“Sentía que tenía un elefante sentado en mi pecho. Me costaba trabajo respirar profundamente, tenía náuseas todo el tiempo, estaba inapetente y me mareaba mucho cuando me ponía de pie o incluso cuando estaba recostada”, narró la niña en unas declaraciones dadas al medio estadounidense The New York Times.
Cuando Maggie volvió al hospital, los especialistas pensaron que los síntomas podrían ser psicológicos porque no mostró ningún signo de daño en su corazón o pulmones y dio negativo para el coronavirus.
“En ese momento no sabían nada sobre el ‘COVID prolongado’”, afirmó Amy Wilson, la madre de Maggie.

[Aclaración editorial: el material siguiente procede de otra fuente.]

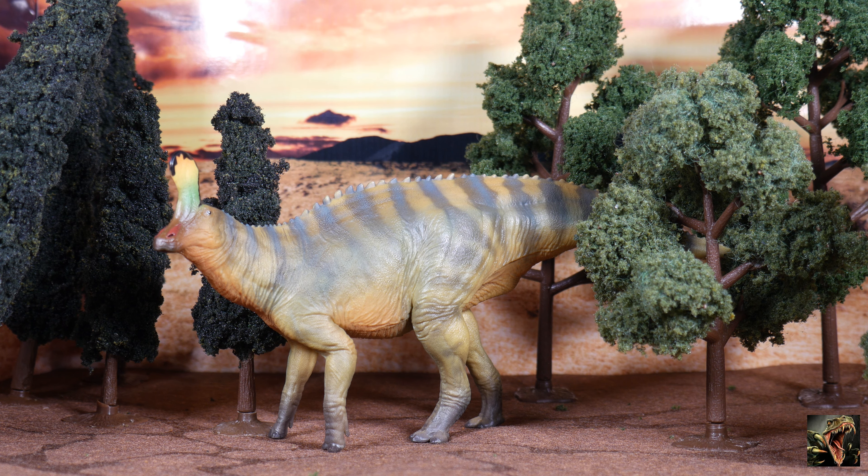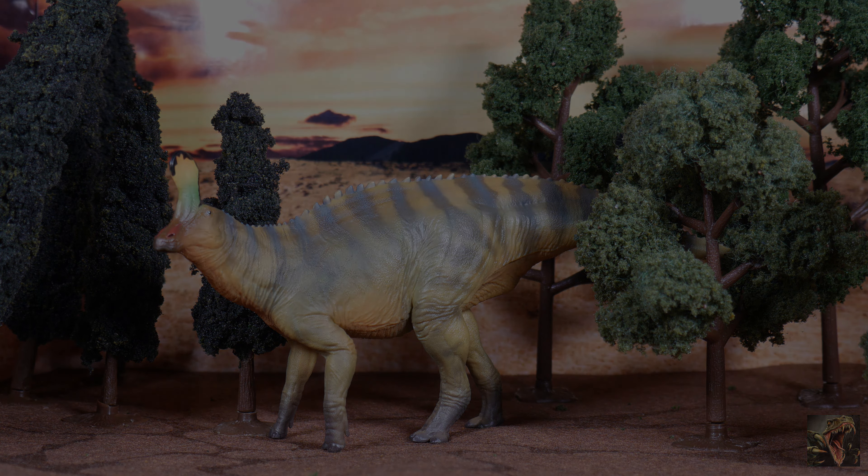That'll do it for this review. Please like, share, and subscribe — I'm trying to get to 200 subscribers by the end of July 2022. Hit the bell to be notified when I post the next video. Please leave comments below telling me what you think about the review, the animal itself, or any other comments or concerns. Take one last look at our Centrosaurus as we bow out. Thank you and take care.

Meses después, la pediatra de Maggie, Amy DeMattia, confirmó el diagnóstico de COVID-19 con base en la historia clínica de la niña y el hecho de que sus padres dieron positivo en la prueba de anticuerpos contra el coronavirus.
A medida que avanza el tiempo y los científicos analizan con más detenimiento la COVID-19, se conocen algunos casos especiales como el de Maggie.
Estos “portadores de larga duración”, como se les ha llamado exceden cualquier estimación del virus y siguen presentando una serie de síntomas tras meses de haberse presentado la exposición. Por lo general, los niños corren un riesgo significativamente menor que las personas mayores de sufrir complicaciones graves y de morir a causa del COVID-19, pero las consecuencias a largo plazo de la infección, si acaso las hay, han sido poco claras.
Maggie no es la única que ha padecido de esto, al parecer hay más casos como este alrededor del mundo, en el que también están involucrados varios menores.